Italy’s Afterwards proves that the confines of provincial living can be surpassed. Based in Thiene, a small town in proximity to Venice, the band was quick to make a name for themselves just two months after forming in fall 2013. All four members are pushing 20, which seems second nature to the finesse they have built in their short time together.
Released in May of this year, the band’s follow-up, Rage, fuses aquatic reverb sensibilities with punchy new wave styled hooks. With the assistance of Maurizio Baggio, one of Northern Italy’s most acclaimed producers, the band’s sound is given a sleeker, more widespread appeal.
The presentation of this EP is excellently established in the first track “Abigayle”. From its Edge-inspired string plucking to its varietal drumming phases, I was instantly drawn in. As a huge fan of international music in general, I didn’t care that the singer’s English was a bit spotty. What mattered was that I not only understood the lyrics, but could relate to them on a deep level. They effectively evoke the feeling of a protracted recovery from heartbreak, with both subtle and blunt expressions of pain. In the midst of that pain, the singer feels paralyzed to the extent that that he contemplates how he wants to die (“Gloom”). He then decides that the only sensible alternative to death would be to “hide behind [his] dreams”. There’s some solid layering in this song, the pinch harmonics and bass capped by a smooth lead melody. Once again, the drums are a definite strength. The fills are simple and direct, and the second half of each chorus is especially full of impact.

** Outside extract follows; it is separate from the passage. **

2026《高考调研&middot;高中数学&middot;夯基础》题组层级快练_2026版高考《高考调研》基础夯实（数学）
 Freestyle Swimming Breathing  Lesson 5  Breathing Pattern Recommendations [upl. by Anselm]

In the third track, “Something New,” the lines of the second verse (“I wonder why we die inside/Sounds strange enough but we don’t mind”) really resonated with me. The fact that we are bound to experience some type of inevitable loss is only natural, as we will most likely chase something else to make us whole again. I like how the vocals model off the bass line during the verses. There’s a type of elasticity in the guitar solo that sounds all the more interesting with the additional effects. When I got to the final track, “The Unattainable,” I was blown away. The intro drum presents itself as relatively quiet, but then blooms into full instrumentation. This is also an instance where the band’s producer showcases the extent of his talent, as each component is cleverly and smartly mixed. I also connected strongly with the theme of the song, as it had to do with being victim to selective emotional distance, as well as being forced to suck up the pain and move forward. The post-chorus melody is tightly crafted and somehow reminiscent of ‘90s Midwestern indie rock bands, which coincidentally fits the lyrical theme. The plucking guitar solo around the 2:50 mark is something I could listen to over and over. When it reaches the climactic point, it perfectly accentuates the choir that gleams through the remainder of the song.
Overall, Rage sufficiently demonstrates the combined power of band and producer. Each of the four tracks has definite potential to reach a broad alternative rock audience. The band’s dynamic is crisp on the ears, allowing for the void of broken hearts everywhere to be not only filled, but understood. I sincerely hope Afterwards finds an indie label soon. Any label owner with keen musical sensibilities and an open mind would do no wrong signing them straight away!